◆ **PROBLEM REQUIREMENTS**: Range to repeat from the listing below: the line containing "Bateria do laptopa GREEN CELL LE04 6600 mAh" down to the line containing "GYS Startronic Supercap 12V - 24V", both included. Copy it exactly, pictures excluded, and add nothing else.

◆ **EXERCISE MATERIALS**:
● ● ● ● ● ● ●

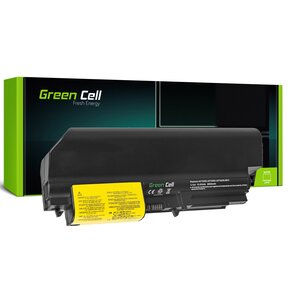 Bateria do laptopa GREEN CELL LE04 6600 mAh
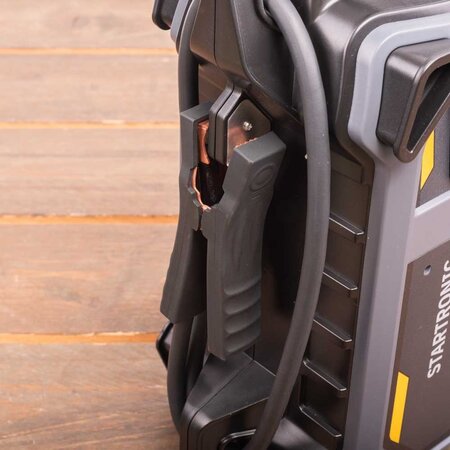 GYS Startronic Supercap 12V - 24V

● ● ● ● ● ● ●

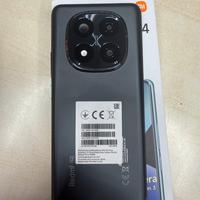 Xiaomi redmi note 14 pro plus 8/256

● ● ● ● ● ● ●

◆ **WORKED SOLUTION**:
 Bateria do laptopa GREEN CELL LE04 6600 mAh
 GYS Startronic Supercap 12V - 24V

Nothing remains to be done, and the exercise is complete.